Sexualität Sex braucht Tabus

Öffentlicher Sex tötet den privaten Eros - zu diesem Ergebnis kommt eine Studie über das Sexualverhalten der Deutschen. Denn in deutschen Betten ist immer weniger los.

Das Magazin für Psychologie und Hirnforschung Gehirn & Geist (Heidelberg) verzeichnet Expertenbefunde, wonach die sexuelle Aktivität der Deutschen seit den 1980er und 1990er Jahren stetig abnimmt.

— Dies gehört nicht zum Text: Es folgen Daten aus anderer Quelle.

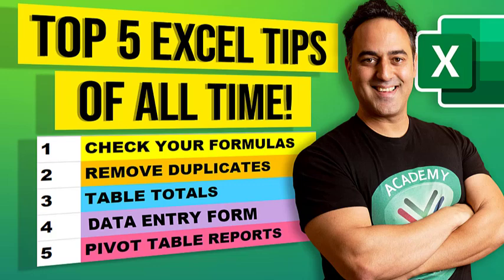I'm going to explain the top five Excel tips of all time. These were voted by over 100,000 subscribers of mine over at myexcelonline.com, and these are the top five.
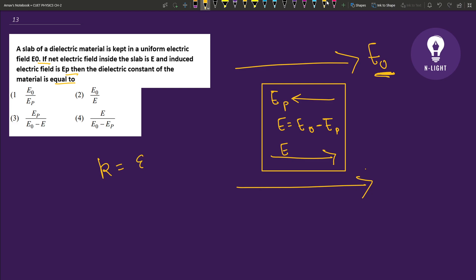The dielectric constant k equals permittivity of medium to the permittivity of free space. Or we can write this as force in free space over force in medium. Or k is equal to electric field in free space over electric field in medium.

Eine Studie der Universität Göttingen, für die 13.483 Männer und Frauen in festen Beziehungen befragt wurden, ergab, dass 17 Prozent während des Untersuchungszeitraums von vier Wochen überhaupt keinen Geschlechtsverkehr hatten.

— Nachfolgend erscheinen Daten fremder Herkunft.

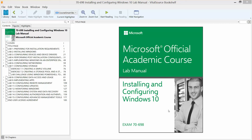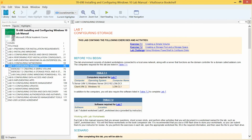Welcome back. We are working our way through the Microsoft official academic course lab manual, installing and configuring Windows 10 in preparation for exam 70-698. We will be working on lab 7, which is configuring storage. The exercises are 7.1, creating a simple volume, and 7.2, creating a storage pool and a storage space. Let's get started.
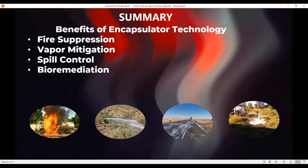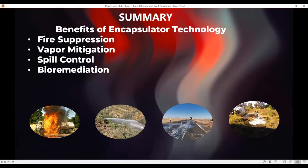In summary, the benefits from encapsulator technology: it's one agent that can be used for fire suppression involving Class B fuels, vapor mitigation to keep flammable vapors at bay, spill control for oil or fuel spills on the road, and bioremediation where you treat material in the soil and it bioremediates directly out of the soil.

Zu viel Sex tötet tötet den Eros.

(Foto: Foto: dpa)

57 Prozent, also die Mehrheit der Paare, gab an, im fraglichen Monat einmal mit dem Partner verkehrt zu haben. Nur rund jeder Vierte tat dies regelmäßig ein- bis zweimal pro Woche, hält der Bericht fest. Singles haben noch seltener Sex. Eine Untersuchung des Sexualwissenschaftlers Gunter Schmidt an knapp 800 Hamburgern und Leipzigern ergab, dass 60 Jahre alte Partner im Durchschnitt sexuell aktiver sind als 30 Jahre alte Singles.

Den Grund hierfür sehen die Macher der Studie in der kontinuierlichen Enttabuisierung von Sex im letzten Drittel des vergangenen Jahrhunderts und seiner Allgegenwart in der Öffentlichkeit. Diese habe nicht etwa dazu geführt, dass mehr Sex praktiziert wird, sondern dazu, dass den Menschen die Lust darauf offensichtlich mehr und mehr vergeht.

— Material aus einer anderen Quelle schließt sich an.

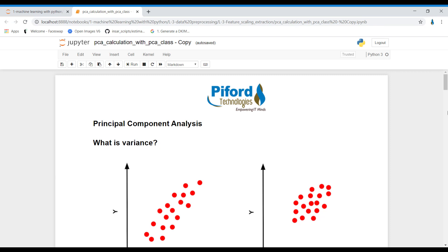Hi everyone, this is Arohi from PyFood Technologies ITPak Mohali, and in my today's class I'll discuss about Principal Component Analysis, PCA. PCA is used to reduce the number of features, or columns, from your dataset. PCA checks for useless or unwanted columns and then discards them.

Der Forscher Peter Fiedler, der klinische Psychologie und Psychotherapie an der Universität Heidelberg lehrt, schreibt dazu: "In dem Maß, wie die traditionelle Sexualmoral mit ihren Verboten, Sanktionen und Schuldgefühlen verschwand, machte sich scheinbar Langeweile breit. Offensichtlich besaßen gerade die unerfüllten, oft verbotenen oder tabuisierten sexuellen Wünsche und Bedürfnisse eine große Triebkraft."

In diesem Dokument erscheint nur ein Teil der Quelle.